La frontière est avant tout une invention juridique, qui délimite dans l’espace là où s’applique le droit national, et là où il ne s’applique pas. Elle est légitimée chaque fois que des accords bilatéraux ou internationaux viennent réguler les relations entre les Etats, et donc leur existence. Entre l’Italie et la France, c’est l’accord de Chambéry qui régule les relations frontalières et facilite, entre autres, le refoulement des personnes exilées quand elles se font arrêter. Mais comme elle n’est ni immuable, ni nécessaire, la frontière en tant que construction juridique change assez régulièrement.

A la fin des années 1980, la construction de l’espace Schengen a « ouvert » la frontière entre la France et l’Italie en mettant fin aux contrôles d’identité lorsqu’une personne passait d’un territoire à un autre. Une exception à cette règle persiste depuis en droit pénal : au sein d’une zone frontalière de 20km à partir de la ligne officielle, une personne peut toujours faire face à un contrôle d’identité, si elle est recherchée ou si elle commet une infraction. En 2015 cette frontière s’est partiellement refermée. L’Etat a établi une liste de 285 points stratégiques, appelés points de passages autorisés (PPA), autour desquels les contrôles d’identité ont été légalisés, sans que personne ne soit ni recherché ni pris en flagrant délit de quoi que ce soit. Officiellement ce rétablissement des contrôles aux frontières ne pouvait durer que 6 mois, et n’être renouvelé que pour une durée totale de deux ans. Pourtant, cela fait maintenant 8 ans que la police contrôle, expulse et enferme le long de la frontière sans aucune base légale.
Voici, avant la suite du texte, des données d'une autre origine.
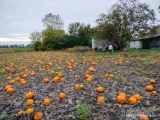 Witam. Posiadam na sprzedaż ok. 12t. dyni halloweenowej YELLOWBOYS, ładnie wybarwionej, oraz ok 5t. dyni BAMBINO. Dynia uprawiana bez...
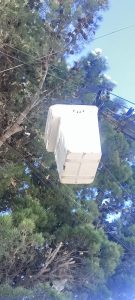 Servicios Públicos atendió más de 100 reclamos durante el temporal y avanza con la normalización del servicio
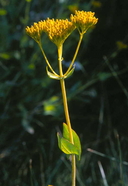 Flaveria chlorifolia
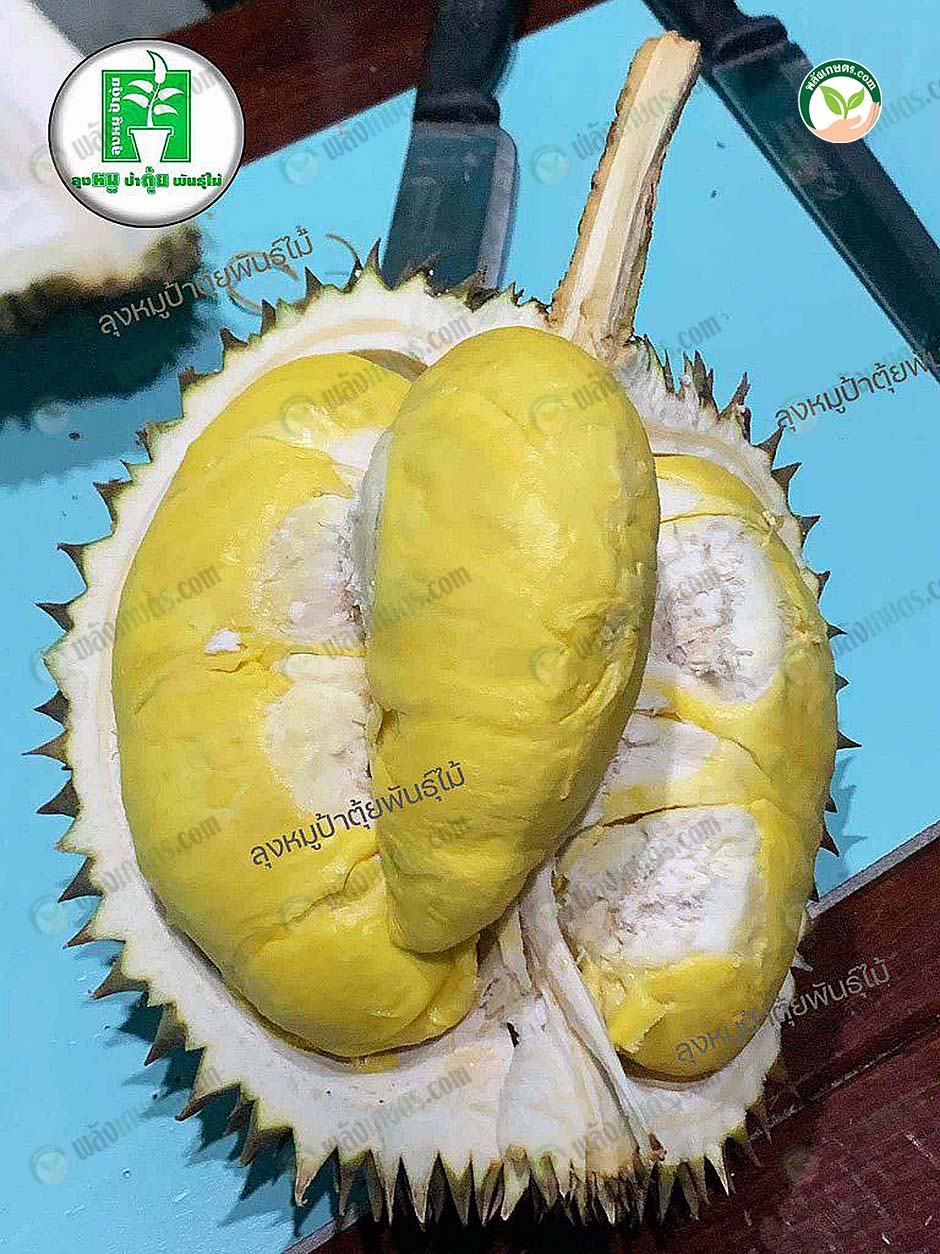 เนื้อทุเรียนทองลาบู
Quant à celles et ceux qui ont le malheur d’arriver tout droit de plus loin – d’un pays extérieur à la zone Schengen – l’Etat a là encore une solution. Depuis 1992, des zones appelées « zones d’attente » – il y en a presque 100 en France – permettent aux autorités de contrôler l’identité des gens et de les immobiliser, jusqu’à 26 jours, dans les ports, les aéroports et les gares internationales. En 2003, ces zones ont été étendues des points de débarquement à leurs environs, ce qui implique, en clair, que toutes les côtes françaises sont désormais des lieux où les immobilisations arbitraires sont possibles, et légales.

Fiction juridique, la frontière n’en est pas moins réelle pour celles et ceux qui la traversent chaque jour sans la bonne couleur de peau, ou à défaut les bons papiers. Et si elle reste une construction historique relativement récente, c’est dans le registre de l’universel que la frontière puise sa légitimité, jusqu’à devenir une évidence territoriale, une sorte de sens commun dans la manière dont nous envisageons l’espace. Pourtant, et c’est ce qui nous intéresse dans la partie suivante, les frontières n’ont rien de naturel, et leur adéquation avec certains traits de paysage – comme les rivières ou les montagnes – est elle aussi une fabrication nationale.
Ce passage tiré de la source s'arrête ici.